黑猫跳出潭水的怀抱,跑到角落积水边舔毛,将浑身上下添了个遍,对着水潭照来照去,确认自己变回原样了,才踩着优雅但愤怒的猫步跑向潭水、将他扑倒,用肉垫在他身上恶狠狠地踩奶(假如猫也有恶狠狠地表情的话),这股恼羞成怒的劲竟跟谭山有八分相似。

潭水惊讶道,“你该不会是那家伙的……”分身吧?

话还没说完他便被自己的猜想逗笑了。猫和人区别这么大,怎么可能——

怎么不可能?

这个时代连转化人都能被造出来,又有什么事情是绝对不可能发生的?

潭水越想越觉得有道理。

思及至此,他一骨碌爬起来,双膝跪地,规矩又“冒犯”地探头观察,迟疑地问,“你该不会真是谭山的分身吧?你主体在哪呢?我现在在哪?你还救我不救?不救我的话你吃什么?”

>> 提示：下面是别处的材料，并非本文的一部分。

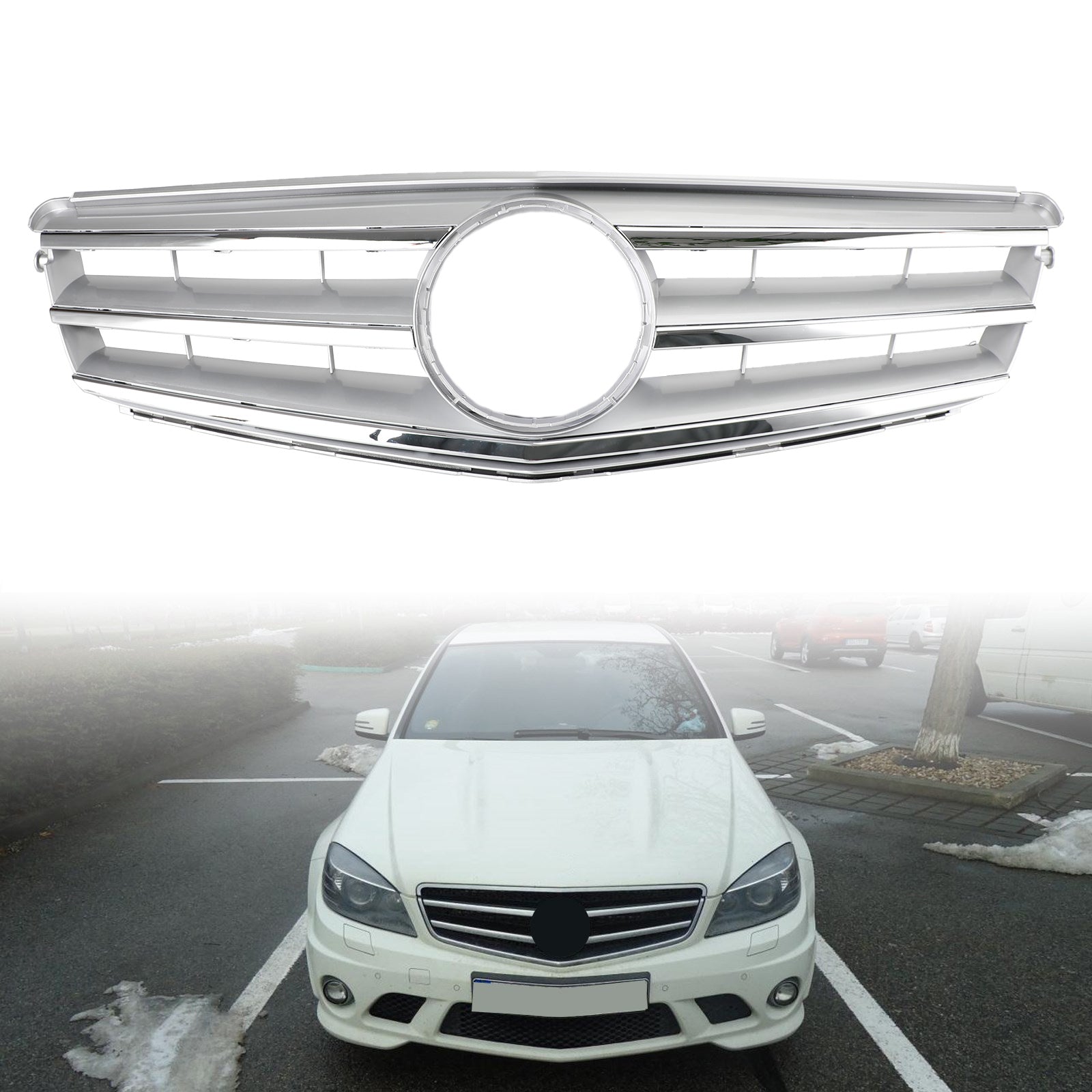 PALASER 2008-2014 Benz C Class W204 W/led Emblem C300/C350 Chrome Front Bumper Grille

他正在对猫弹琴,铁门忽然被人打开,上次在坑洞中见到的那个男人走进来,将食指抵在他脸颊上,往下揉搓颈间皮肤,在谭山留下咬痕的位置格外用力地掐了一把。

“你不是谭山的暖床小宠物么?怎么被当成食材了?我还以为他多看重你呢,原来跟底下卖的那些没有区别啊……”

男人凑近潭水嗅了嗅,露出陶醉的表情。

“真香,你是什么类型的转化人?让我猜猜小宝贝儿,是玫瑰饼?还是茉莉花蜜?啊……无论那种都好甜好香……”

男人的注意力都集中在潭水身上,未曾想黑猫一跃而起,一巴掌扇在男人脸上,留下一道深红的抓痕。

男人捂着脸连声哀嚎,“把那只贱玩意儿给我杀了,丢山南门口去,做干净点,别被那事儿逼发现是我们绑了人!”

跟在男人身后进来的手下一脸为难,吞吞吐吐道:“老大…你抓谭老板的心肝宝贝就算了,事后把他吃干净,或者活埋,又或者卖到其它国家去,离山南远远的,谭老板都不会知道,那个女孩……也这样处理,许老大也不会知道。但这黑猫……”

手下咽了口唾沫,“我听说啊,这黑猫邪性的狠,比人还聪明呢!都说猫有九条命,要是一个万一没死干净,跑回去把谭老板引到咱们这儿来了……”

手下言尽于此,男人却一脸不耐烦,大手一挥,斥道:“科学时代整什么猫有九条命的幺蛾子迷信!按我说的做!”

“好的老大,到时候要是被发现了……我不给你背锅的啊……”

后几个字他压低了音量,男人没听到。

手下拎着黑猫后脖颈离开,另一个人跟他擦肩而过走进来,穿着打扮都跟离开的人别无二致,就跟量产型npc刷新似的。

新进门的手下低着头,一副恭敬的样子。

“老大,您有什么吩咐?”

男人差他将新研制出的转化剂取来,附耳窃窃私语,眼神在潭水身上游走打转。

潭水很快就知道他们想做什么了。

十分钟后,手下领着一个男孩进来,那男孩手里拿着一只针剂,药水泛着神似蓝眼泪的荧光蓝色。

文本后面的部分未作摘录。